Das Dresdner Team beim Cansat-Wettbewerb mit ihrem Mini-Satelliten, noch in Einzelteilen (v. l.): Elisa Döring, Rahel Anbessie, Sophia Binder und Charlotte Döring. Nicht im Bild, aber im Team: Linea Zeiske. © René Meinig

Dresden. "Das Universum in der Nussschale" hat Stephen Hawking, der wohl bekannteste Astrophysiker der Welt, sein Werk über die Entstehung des Weltalls, über Raum und Zeit genannt. Frei nach Hamlet, der in Shakespeares Drama erklärt: "Ich könnte in eine Nussschale eingesperrt sein und mich für einen König von unermesslichem Gebiete halten."

Das ganz Große im ganz Kleinen: Diese Idee steckt auch hinter dem Projekt von fünf Dresdner Schülerinnen, die in die Fußstapfen Hawkings oder anderer Wissenschaftler treten könnten. Sie haben einen Satelliten gebaut, der zwar nicht in eine Nussschale passen würde, aber zumindest in eine Getränkedose - und funktioniert wie ein großer, wenn er auch nicht ganz die Sterne erreicht.

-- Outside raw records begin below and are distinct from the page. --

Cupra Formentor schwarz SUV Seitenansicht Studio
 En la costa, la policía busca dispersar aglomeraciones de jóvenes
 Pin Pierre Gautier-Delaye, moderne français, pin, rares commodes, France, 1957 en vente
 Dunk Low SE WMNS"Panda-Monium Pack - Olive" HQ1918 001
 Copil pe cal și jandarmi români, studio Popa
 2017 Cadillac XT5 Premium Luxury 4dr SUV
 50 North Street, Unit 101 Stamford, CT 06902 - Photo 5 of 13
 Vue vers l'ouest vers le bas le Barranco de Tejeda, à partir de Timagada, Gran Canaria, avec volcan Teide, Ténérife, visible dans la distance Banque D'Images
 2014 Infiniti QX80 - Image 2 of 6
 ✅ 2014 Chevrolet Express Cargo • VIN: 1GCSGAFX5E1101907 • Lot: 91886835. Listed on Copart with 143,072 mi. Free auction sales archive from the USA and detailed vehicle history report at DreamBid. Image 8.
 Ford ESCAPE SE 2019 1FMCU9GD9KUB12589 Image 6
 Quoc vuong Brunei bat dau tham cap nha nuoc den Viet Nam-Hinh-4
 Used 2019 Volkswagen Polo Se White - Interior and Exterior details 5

"Cansat" heißt ein solcher Satellit, von dem englischen Wort für Dose, "can". Den gleichen Namen trägt der seit 2014 jährlich stattfindende Schülerwettbewerb der Europäischen Weltraumbehörde (ESA), dessen deutscher Ableger in dieser Woche in Bremen stattfindet. Bei diesem Wettbewerb geht es darum, einen Mini-Satelliten zu entwickeln, zu bauen und zu programmieren - und dann auf eine echte Mission zu schicken.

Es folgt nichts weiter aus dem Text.